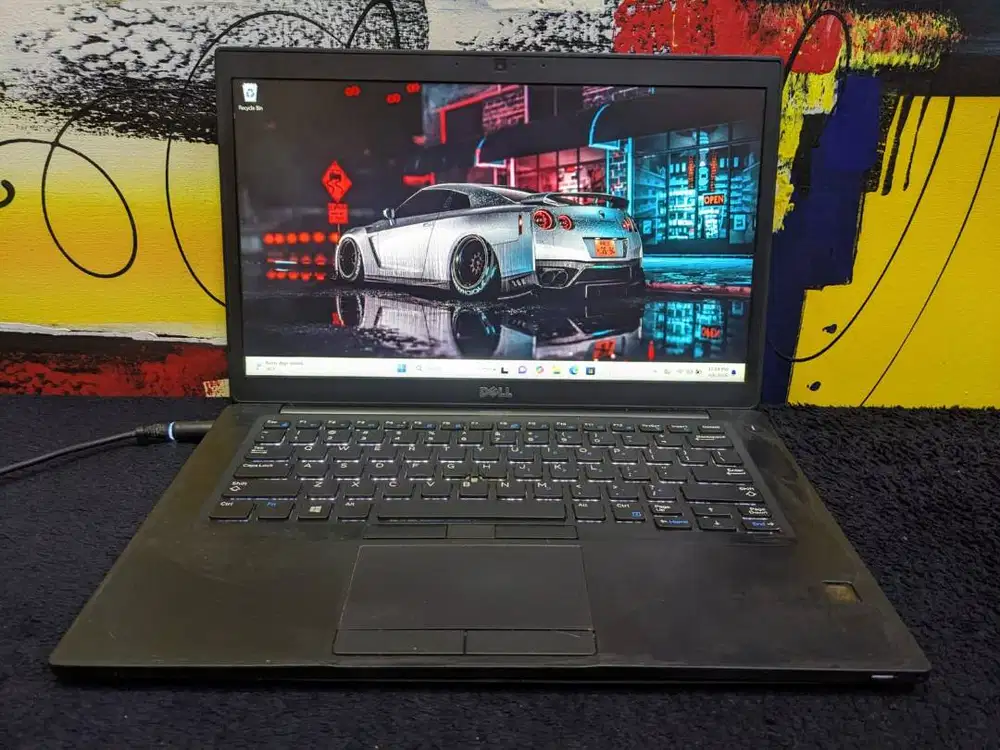 Laptop Dell Latitude 7480 Core i7 Gen 7 8/256 Siap Pakai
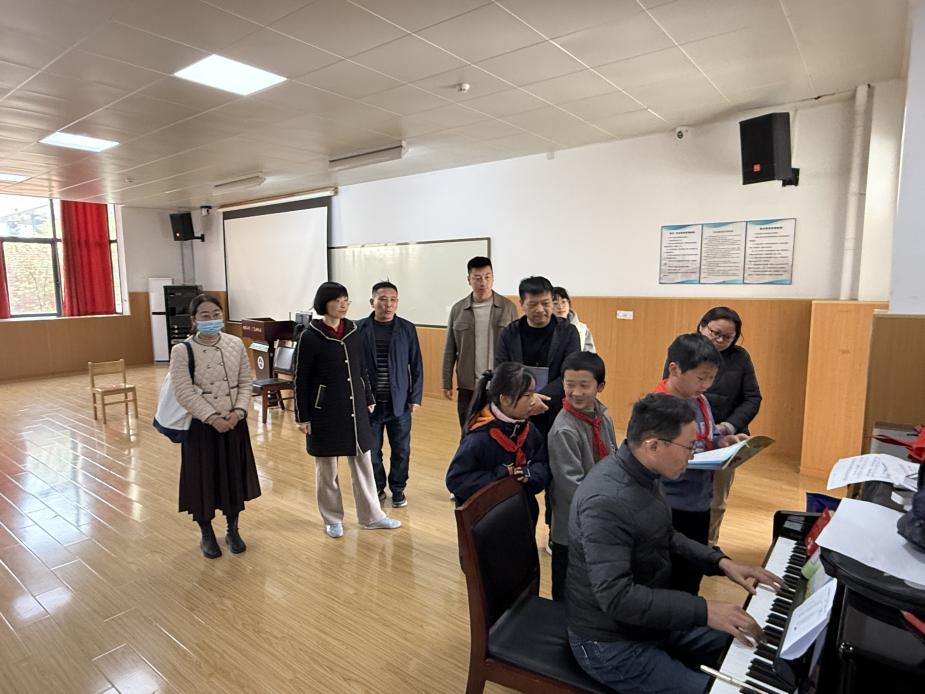 【湖畔·队伍建设】融合创新促均衡，双研赋能提质效——金陵小学集团三月教学例会_html_4c8ca528.jpg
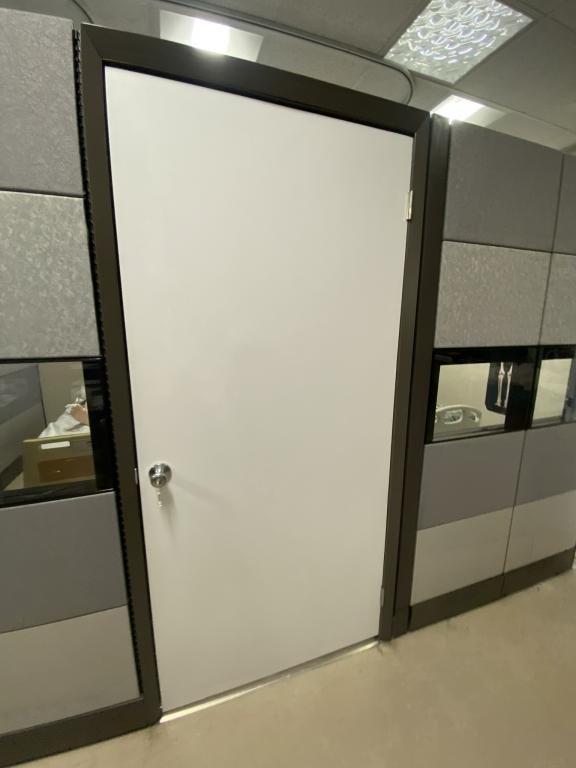 86" Herman Miller Ethospace Grey W glass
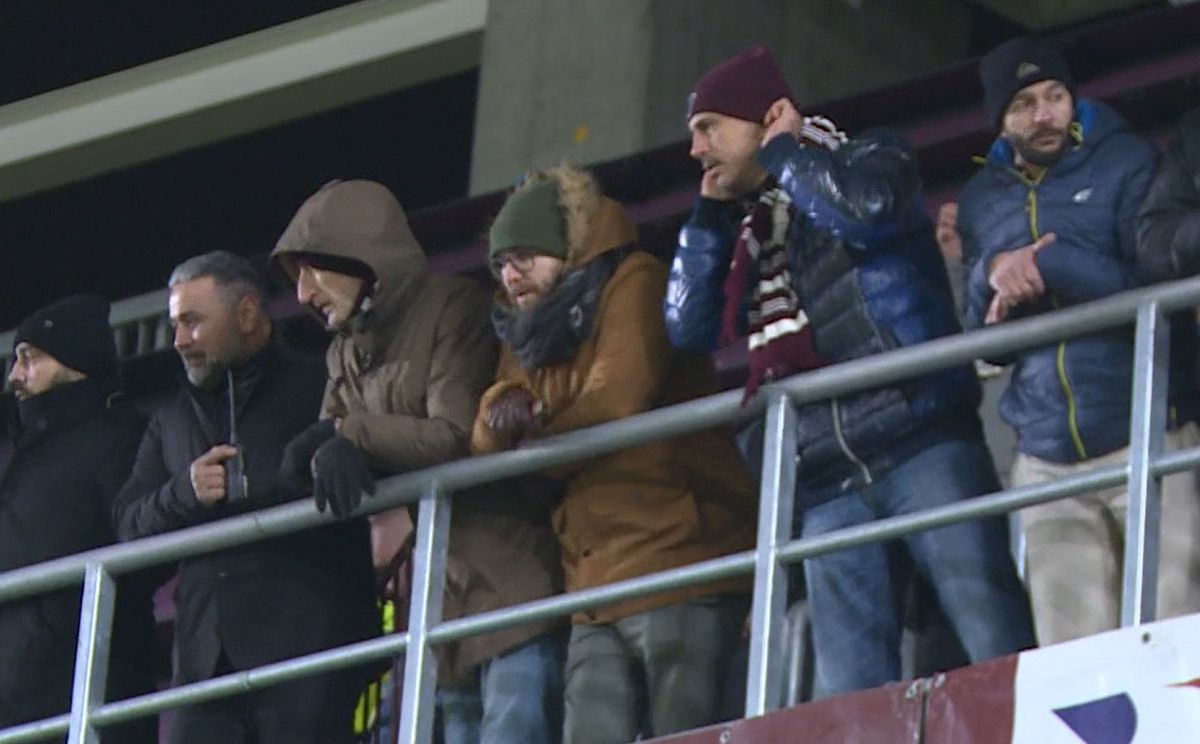 Fanii Rapidului l-au apostrofat pe Dan Șucu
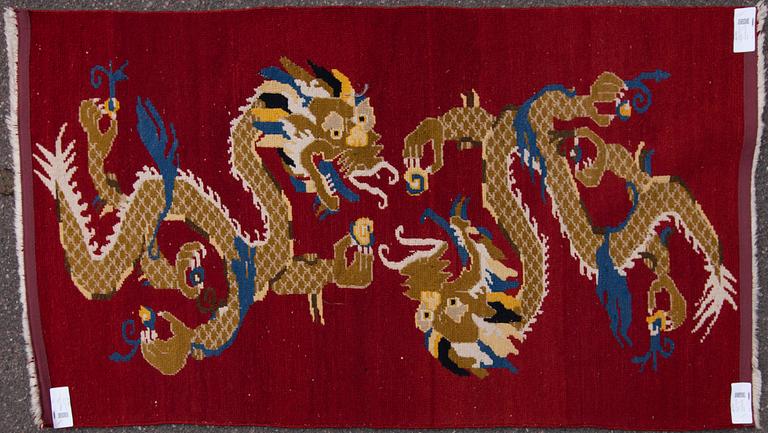 MATTA, Tibet, 1900-talets slut. Ca 160x90 cm.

::::::

• Aim of the exercise: Your answer should be the lines above from the one that contains "Grey W glass" through the last, set down exactly, with the pictures removed.

• Task output:
 86" Herman Miller Ethospace Grey W glass
 Fanii Rapidului l-au apostrofat pe Dan Șucu
 MATTA, Tibet, 1900-talets slut. Ca 160x90 cm.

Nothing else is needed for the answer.